Every line of the material is to be returned verbatim. Pictures stay out.

▸ **INPUT DATA**
┌────────

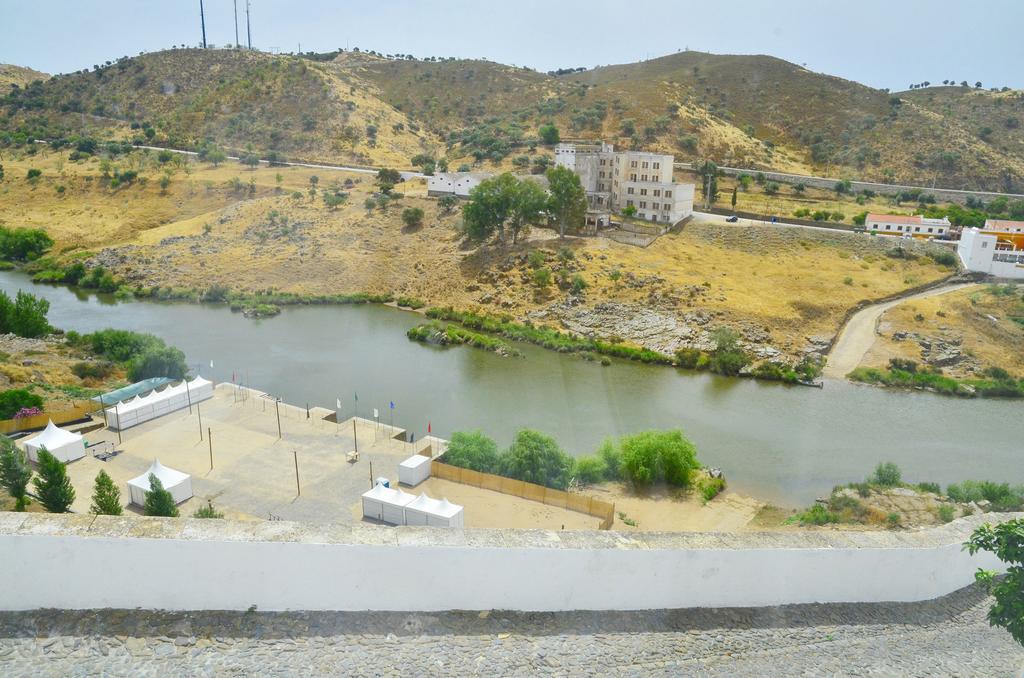 Casa Do Funil Guest House Mértola Стая снимка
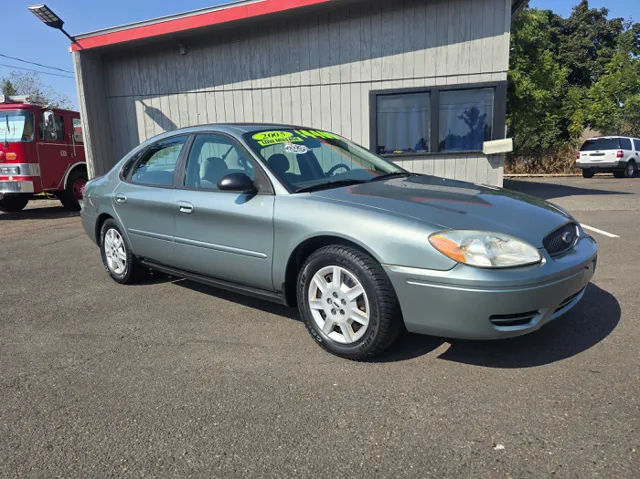 2005 Ford Taurus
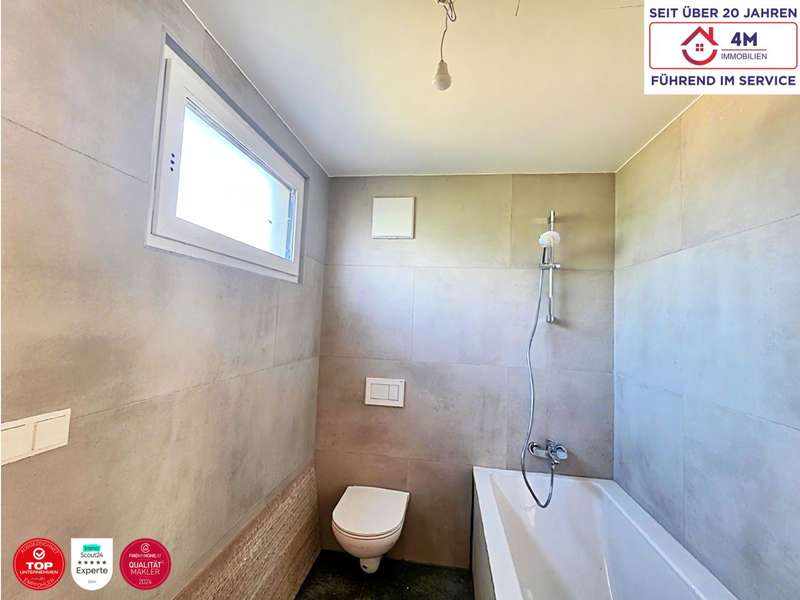 Reihenhaus Wien: Badezimmer OG Badezimmer OG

└────────

▸ **SOLUTION TO THE PROBLEM**
 Casa Do Funil Guest House Mértola Стая снимка
 2005 Ford Taurus
 Reihenhaus Wien: Badezimmer OG Badezimmer OG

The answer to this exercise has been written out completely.